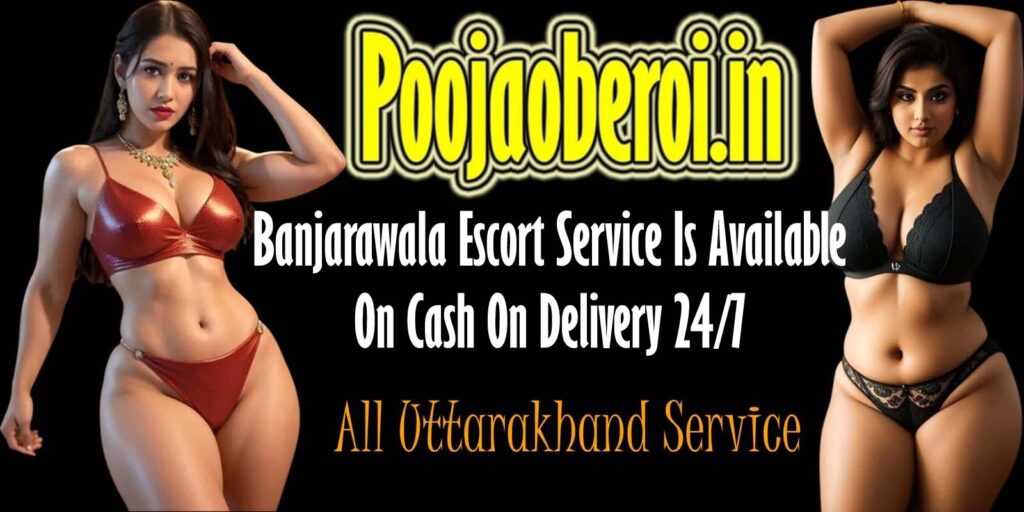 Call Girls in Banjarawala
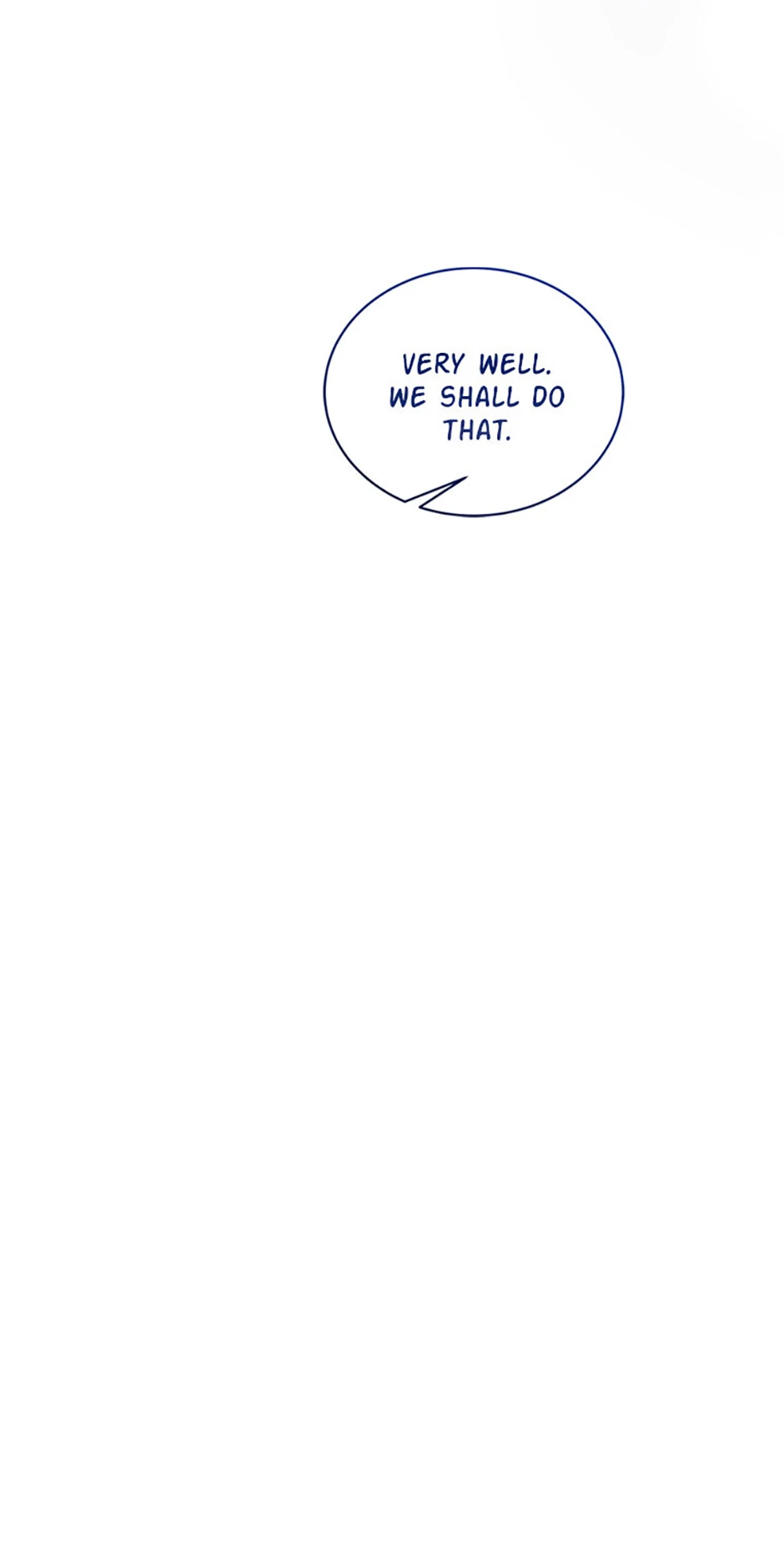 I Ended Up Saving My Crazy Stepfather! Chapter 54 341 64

------------------------------

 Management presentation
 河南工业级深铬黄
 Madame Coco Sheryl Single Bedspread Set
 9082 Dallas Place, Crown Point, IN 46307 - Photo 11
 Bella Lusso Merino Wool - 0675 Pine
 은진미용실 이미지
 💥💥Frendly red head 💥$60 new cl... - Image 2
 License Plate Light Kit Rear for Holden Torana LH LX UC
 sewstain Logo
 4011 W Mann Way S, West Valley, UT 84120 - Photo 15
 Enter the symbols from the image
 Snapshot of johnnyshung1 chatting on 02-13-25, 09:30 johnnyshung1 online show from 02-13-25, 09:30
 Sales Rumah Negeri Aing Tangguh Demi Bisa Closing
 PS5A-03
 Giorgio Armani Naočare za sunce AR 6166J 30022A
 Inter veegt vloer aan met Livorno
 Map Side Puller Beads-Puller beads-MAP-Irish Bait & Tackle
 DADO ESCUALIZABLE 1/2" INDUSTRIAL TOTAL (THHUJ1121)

------------------------------

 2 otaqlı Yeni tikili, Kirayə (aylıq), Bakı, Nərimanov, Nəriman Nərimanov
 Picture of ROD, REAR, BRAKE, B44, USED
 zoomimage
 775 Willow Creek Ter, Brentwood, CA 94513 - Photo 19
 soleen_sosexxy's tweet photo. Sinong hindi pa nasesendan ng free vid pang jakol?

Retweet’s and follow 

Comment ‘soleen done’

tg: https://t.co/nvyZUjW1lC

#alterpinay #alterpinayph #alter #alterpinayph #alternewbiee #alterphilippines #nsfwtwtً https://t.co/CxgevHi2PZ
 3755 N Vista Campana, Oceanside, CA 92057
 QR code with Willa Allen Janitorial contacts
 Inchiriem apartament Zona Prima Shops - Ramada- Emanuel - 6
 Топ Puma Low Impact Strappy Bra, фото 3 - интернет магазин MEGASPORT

------------------------------

Which lines of the data include the string "https"? Copy each of them.

tg: https://t.co/nvyZUjW1lC
#alterpinay #alterpinayph #alter #alterpinayph #alternewbiee #alterphilippines #nsfwtwtً https://t.co/CxgevHi2PZ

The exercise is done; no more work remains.